ENGINEER SPOTLIGHT: Kimberly Jones
OUT OF THIS WORLD: KIMBERLY
JONES HOPES HER RESEARCH MAY SOME DAY HELP TO MAKE LIVING
ON MARS POSSIBLE.
If Kimberly Jones has her way, future space travelers
will be drinking their own shower water. Well, after
it's run through a few filters, of course. Jones, a
professor of civil engineering at Howard University
in Washington, is working with researchers from Purdue
University and Alabama A&M University at the NASA
Specialized Center of Research and Training for Advanced
Life Support. The center's mission is to create space
colonies whose inhabitants will live on crops they grow
themselves and recycle all their waste. Her work on
purifying wastewater by running it through filtering
"membranes" is vital to creating that environment.

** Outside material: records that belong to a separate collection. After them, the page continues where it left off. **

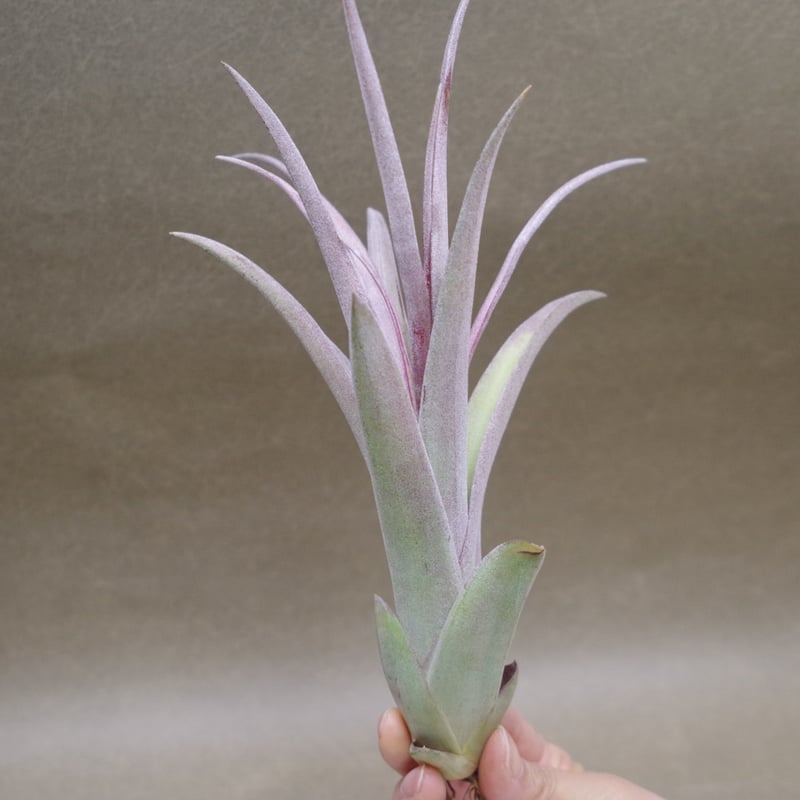 カピタータ×ストレプトフィラ Sサイズ 20号 | air-plants TENGU-DO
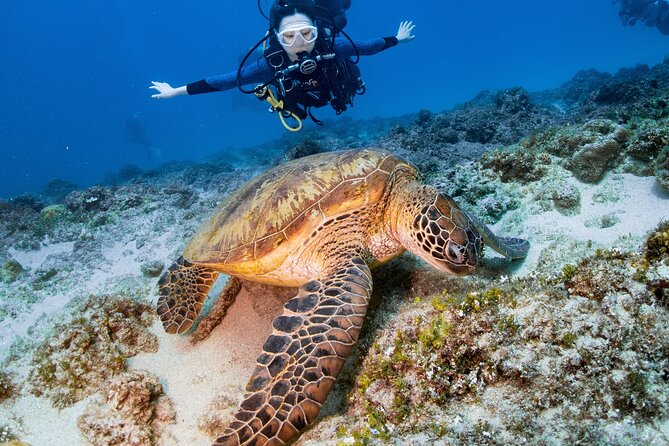 Discover Scuba Diving With Sea Turtles – Xiaoliuqiu, Taiwan - Key points about this Xiaoliuqiu turtle experience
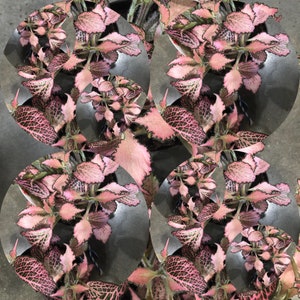 Fittonia Albivenis Frankie live plant one rooted  4-6 inches tall pink Nerve house plant hard to find very rare plant Christmas gift holiday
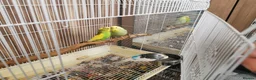 Budgerigars birds for sale: Green Budgies Birds Male And Female  in Harrow - Advert 2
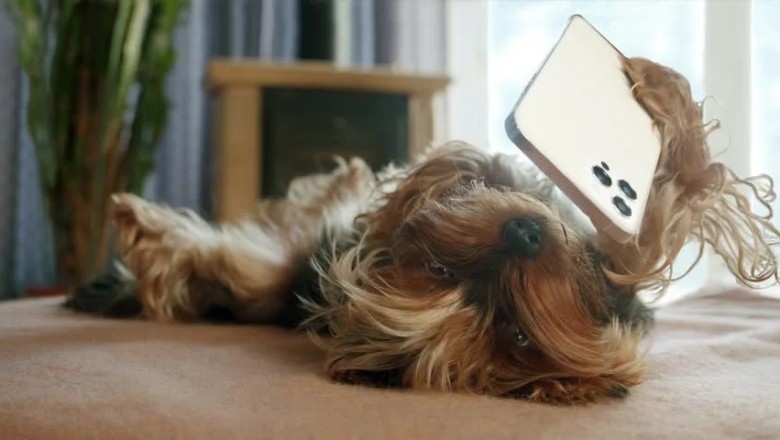 Tech-Savvy Tails: The Hilarious Adventures of a Yorkshire Terrier with a Smartphone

In addition to her research, Jones for the past seven
years has taught the Introduction to Engineering course.
Run by five professors, one from each of the engineering
disciplines taught at Howard, the course is mandatory
for all freshman engineering majors.
Jones didn't always know she wanted to be an engineer.
"I sketched a lot as a child and thought I would be
an architect," she says. "But I liked math and science,
too." Jones needed a guidance counselor to "suggest
civil engineering as a way to combine the two."